> Supplied records:
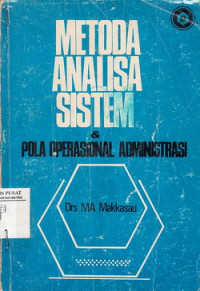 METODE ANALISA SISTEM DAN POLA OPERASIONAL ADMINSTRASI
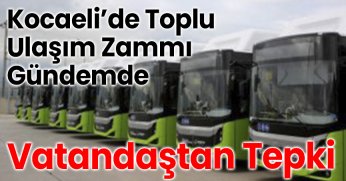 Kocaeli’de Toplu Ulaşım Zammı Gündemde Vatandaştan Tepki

...

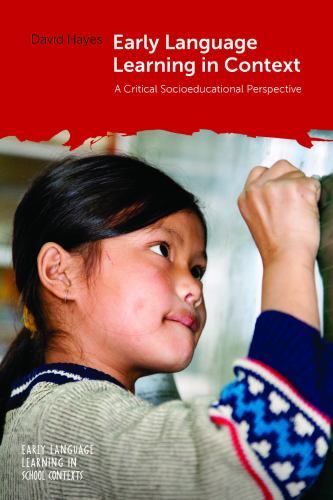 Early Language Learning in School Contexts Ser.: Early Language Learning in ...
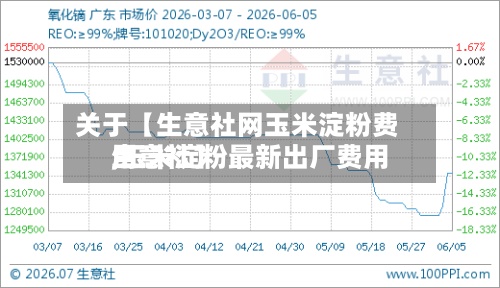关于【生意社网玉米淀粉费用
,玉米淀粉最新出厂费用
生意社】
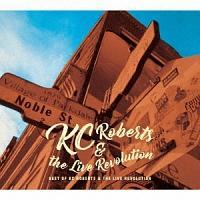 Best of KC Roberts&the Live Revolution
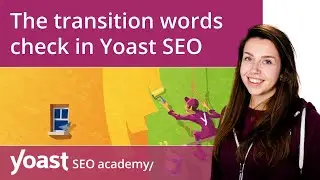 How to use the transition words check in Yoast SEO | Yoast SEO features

> Exercise prompt: Write down exactly what the lines above say, from the line holding "METODE ANALISA SISTEM" through the line holding "Kocaeli’de Toplu Ulaşım", and nothing more. Do not copy the pictures.

> Solution to this problem:
 METODE ANALISA SISTEM DAN POLA OPERASIONAL ADMINSTRASI
 Kocaeli’de Toplu Ulaşım Zammı Gündemde Vatandaştan Tepki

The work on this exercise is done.